Os miúdos PSC e PV, com 12 e 14 deputados respectivamente, tinham as bancadas mais reticentes. Nas conversas de bastidores, deputados das duas bancadas reclamavam a falta de liberação de emendas parlamentares ao Orçamento. Cobravam tratamento melhor do governo a alguns integrantes das duas bancadas. "O PV e o PSC poderiam até não votar contra. Mas muitos ficariam na abstenção se a votação fosse ontem, o que dá na mesma. Seriam quase 26 votos a menos para o governo", revela um deputado verde. Quanto mais os governistas demorarem a aprovar o texto, mais abrirão concessões aos partidos da base na busca de apoio.

Para se aprovar um projeto de lei complementar, são necessários 257 votos no plenário. Às 20h de quarta-feira, os governistas contabilizavam 271. Apesar da vantagem, não se encorajaram a votar. A margem foi ficando cada vez menor à medida que o relator da proposta governista, deputado Pepe Vargas (PT-RS), tinha dificuldades em redigir um texto final com as exigências de todos os partidos.

"Ainda não há conhecimento sobre todos os detalhes da proposta. Com delongas na obstrução provocadas pela oposição, iríamos começar a discussão da regulamentação da Emenda nº 29 muito tarde", justificou Maurício Rands. Há informações na Câmara de que o texto foi preparado fora da Casa (provavelmente no Ministério da FAzenda), esta seria a razão do desconhecimento dos seus termos.

A oposição comemorou o adiamento. A esperança dos deputados do PSDB, do DEM e do PPS é que o alongamento do tempo faça com que as pressões externas influenciem cada vez mais os parlamentares. Acreditam que o clima, na próxima semana, será ainda pior para a base aliada conseguir aprovar a nova CPMF, imposto extinto pelo Congresso há apenas cinco meses.

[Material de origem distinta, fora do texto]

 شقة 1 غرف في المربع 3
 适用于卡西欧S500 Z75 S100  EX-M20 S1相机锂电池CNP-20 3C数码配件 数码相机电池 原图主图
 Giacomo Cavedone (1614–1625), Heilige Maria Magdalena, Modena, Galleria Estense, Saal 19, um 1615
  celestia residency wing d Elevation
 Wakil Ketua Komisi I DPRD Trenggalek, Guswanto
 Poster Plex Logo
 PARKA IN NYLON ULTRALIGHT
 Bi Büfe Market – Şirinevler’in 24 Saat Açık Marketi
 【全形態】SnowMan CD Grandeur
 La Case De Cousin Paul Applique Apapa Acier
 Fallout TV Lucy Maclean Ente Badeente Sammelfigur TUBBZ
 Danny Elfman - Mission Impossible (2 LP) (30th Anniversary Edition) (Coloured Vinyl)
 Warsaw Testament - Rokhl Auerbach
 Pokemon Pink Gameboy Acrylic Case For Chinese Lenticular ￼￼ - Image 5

Ontem mesmo a pressão começou a aumentar. "Na quarta-feira, eu não tinha recebido praticamente nenhum e-mail sobre o tema. Hoje (quinta), quando fui ver meus e-mails no gabinete, pela manhã, eu já tinha recebido 30 mensagens de protesto", revelou o deputado Júlio Delgado (PSB-MG), que vai votar contra o tributo. "Não vamos ser o patinho feio. E se a gente aprova a CSS aqui e o Senado derruba de novo?", completou.